REALWorld Law

Real estate finance

Corporate governance

Does the law lay down any rules which must be complied with before a corporate entity can give valid security over its real estate assets, for example 'financial assistance' rules and 'corporate benefit' rules?

Germany

Germany

Yes, there are financial assistance rules and corporate benefit rules which must be complied with.

Financial assistance rules

The prohibition on financial assistance only applies to German stock corporations (Aktiengesellschaft). The definition of ‘assistance’ is wide; there is no distinction between assistance by the company itself and assistance by its subsidiaries. There is no ‘whitewash’ procedure which can be applied.

Since November 2008, the prohibition has not applied if there is a control agreement or a profit transfer agreement (Beherrschungs- oder Gewinnabführungsvertrag) in place between the stock corporation and the ‘financially assisted’ company. The consequence of a violation would be that the transaction would be void.

Corporate benefit rules

Managing directors have a statutory duty to their company to act as prudent business people. This is a broad concept and various factors such as the group interest can be taken into account when assessing whether it has been met. In case of up-stream or cross-stream loans within a group, there is an obligation to the lending entity to take security if there is credit risk in relation to the borrowing entity.

The German Code of Corporate Governance (GCCG) applies to German listed stock corporations. Members of the managing board and of the supervisory board must declare that they have followed the recommendations of the GCCG.

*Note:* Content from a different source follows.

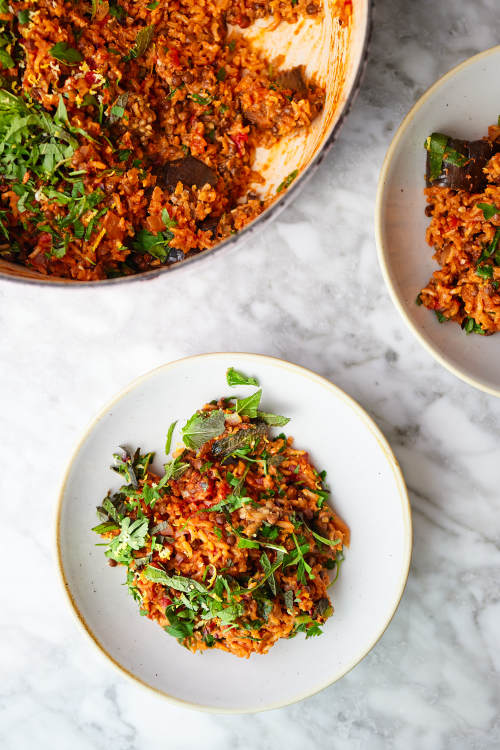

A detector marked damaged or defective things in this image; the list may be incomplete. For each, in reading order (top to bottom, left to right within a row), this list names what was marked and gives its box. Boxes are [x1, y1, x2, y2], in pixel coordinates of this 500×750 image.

charred aubergine chunk [424, 134, 498, 195]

If there is a violation the transaction is not invalid but the directors, managing board, or supervisory board are potentially liable.

Other rules

There are other corporate and insolvency law issues which apply and include rules relating to capital maintenance, restrictions on transactions between a company and its affiliates other than its own subsidiaries and provisions relating to transactions which disadvantage creditors and which have been entered into within certain periods before the commencement of insolvency proceedings.